Now, the easy explanation here is that all these are examples of capital markets mispricing, bursting bubbles one and all. The ingredients that go into investment manias are certainly all there: groupthink, focus on price momentum over fundamentals, and belief in the “greater fool”.
- Venture capital drank too much of its own Kool-Aid and thought public markets would embrace chronically money-losing businesses with fuzzy plans for future profitability.
- Equity investors embraced charismatic founder-CEOs, buying into a vision of huge upfront investments for disruptive technologies while dismissing the idea that established competitors could create their own compelling offerings.
- Younger investors’ naïve belief that their own vision of the future would arrive promptly and with few detours.

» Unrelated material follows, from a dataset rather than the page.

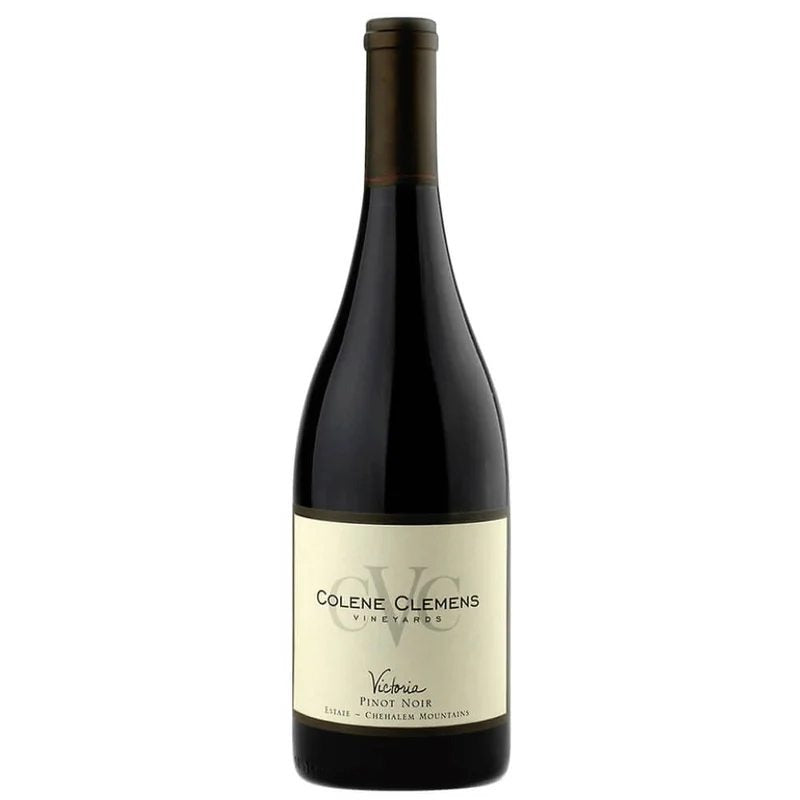 ColeneClemensVictoriaPinotNoir2013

That’s a perfectly good rearview mirror take, but let’s focus on what really matters: future equity returns. Here’s the problem in a nutshell:
#1: When it comes to “platform” companies, venture capital has done a generally terrible job building these businesses into viable companies. WeWork, Uber and Lyft raised a combined $43 billion from VCs. Yet for all that capital, none of these companies developed a business model that could reliably generate profits or even show meaningful progress to that goal without a deus ex machina innovation like self-driving cars.
#2: Electric/autonomous vehicles, vaping, marijuana and bitcoin have theoretical value because they are “platforms”: scalable products and services that can disrupt entrenched competition ranging from user-owned vehicles to financial services.

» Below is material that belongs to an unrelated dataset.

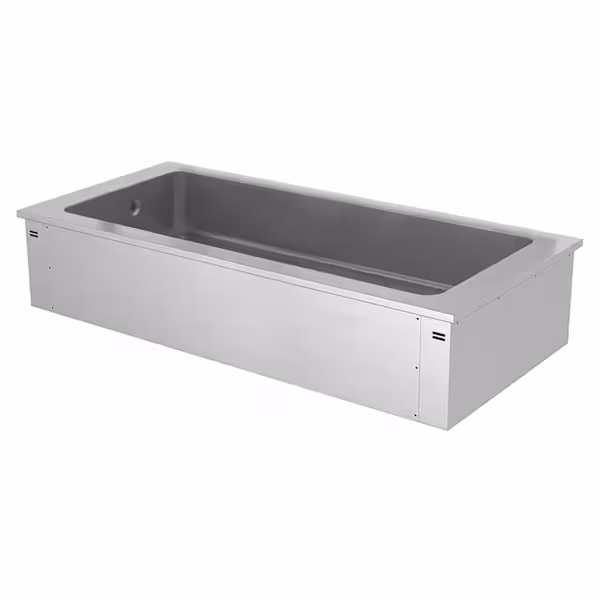 Drop-in isolerad isbrunn - 1 785 mm - 5 GN 1/1 - 200 l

#3: Public equity markets need vibrant, growing platform companies to create long-term value for investors, as the last 5 years clearly shows. Some examples:
- Tencent: Chinese gaming/music/social media platform. $410 billion market cap, +186% over the last 5 years on a price basis.

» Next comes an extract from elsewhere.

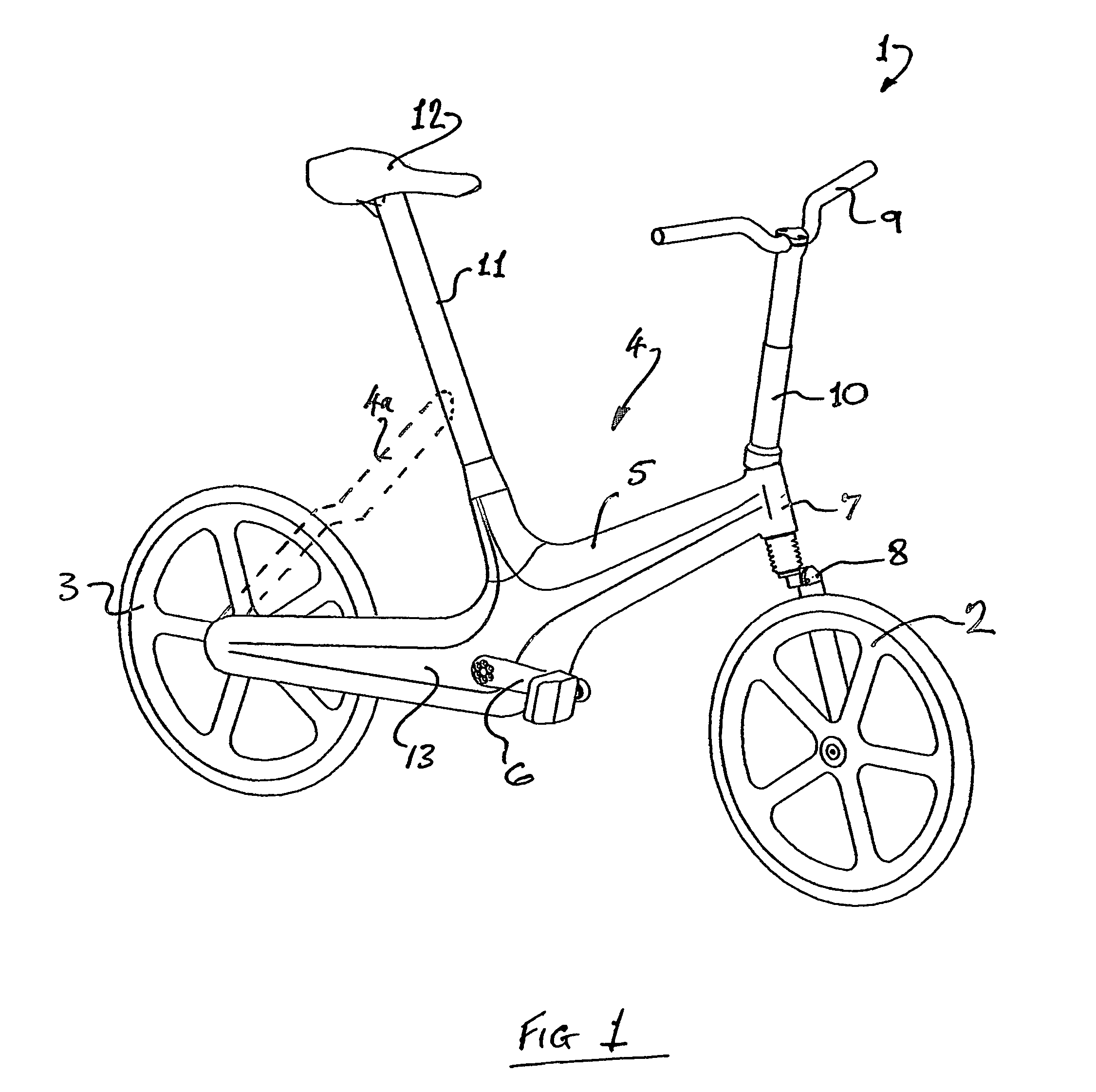 Bicycle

- Alibaba: Chinese ecommerce platform. $456 billion market cap, +99% over the last 5 years.
- Apple: global smartphone platform. $998 billion market cap, +121% over the last 5 years.
- Google: global search/advertising platform. $863 billion market cap, +117% over the last 5 years.
- Amazon: global ecommerce platform. $863 market cap, +440% over the last 5 years.
- Facebook: global social media platform. $514 billion market cap, +132% over the last 5 years.
#4: The problem is that, with the exception of Google, every one of these companies’ stocks peaked a year ago or even further back. Incremental regulatory scrutiny combined with their already super-sized market caps may well limit further upside. It is therefore hard to see these stocks compounding at 23%/year – their average 5-year historical returns – over the next half decade. And remember that the S&P 500 has only compounded at 9% over the same time frame and owns all the US names on our list.
Summing up: the old saw about stock markets discounting future earnings will always be true, but over the long term the companies that create those profits change. In a global, tech-enabled world, platform companies and products have the best chance to create sustainable cash flows and future shareholder value. Hopefully this year’s spate of failures is just a bump in the road, and history says it should be. But it is a worrisome development nonetheless.